As much as I empathize with this sentiment, there’s a limit to how comprehensively one can wrap oneself in direct commerce. If my car breaks down, it doesn’t make sense for me to go to an artisanal spark-plug maker to get it fixed. In the case of the financial industry, there are benefits to scale that direct consumption will never be able to overtake.

Judge acknowledges this, and argues instead for consumers to regain some of their humanity by seeking out opportunities to go to the source — and, where possible, facilitate the creation of new ones. Vendors who sell their wares directly to consumers through their own websites and mailing lists cut out middlemen and frequently pass those savings to their customers. But there are dangers here as well — some companies that claim to be environmentally friendly or supportive of their workers have murkier supply chains than they would have one believe.

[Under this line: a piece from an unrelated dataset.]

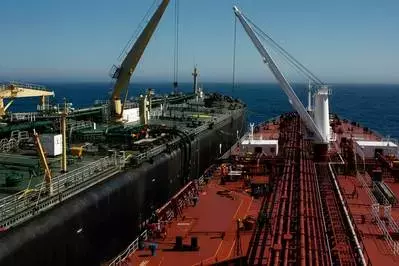 “Enhancing Maritime Safety: The Benefits of Ship-to-Ship Transfer Systems”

Thus, Judge argues, the onus lies not just with the consumer but with policymakers to expand  the number of credibly direct options for the consumer to choose. Here she argues that the government can allow food subsidies to be spent at farmers markets, or for states and municipalities to expand the number and accessibility of those markets. The federal government can also further support the postal service, which can help producers get their products to buyers, and can crack down on anticompetitive activity by the most powerful middlemen.

As I said before, economics is a funny discipline. It describes the way people make the choices they do, but also ignores the idiosyncratic reasons people make the choices they do. If we were robots, it would be a far more accurate discipline.

But we are feeling, thinking people who are capable of enjoying things for reasons other than quantifiable value and convenience. Perhaps to regain that sense of humanity, we should make policies that emphasize experience over efficiency.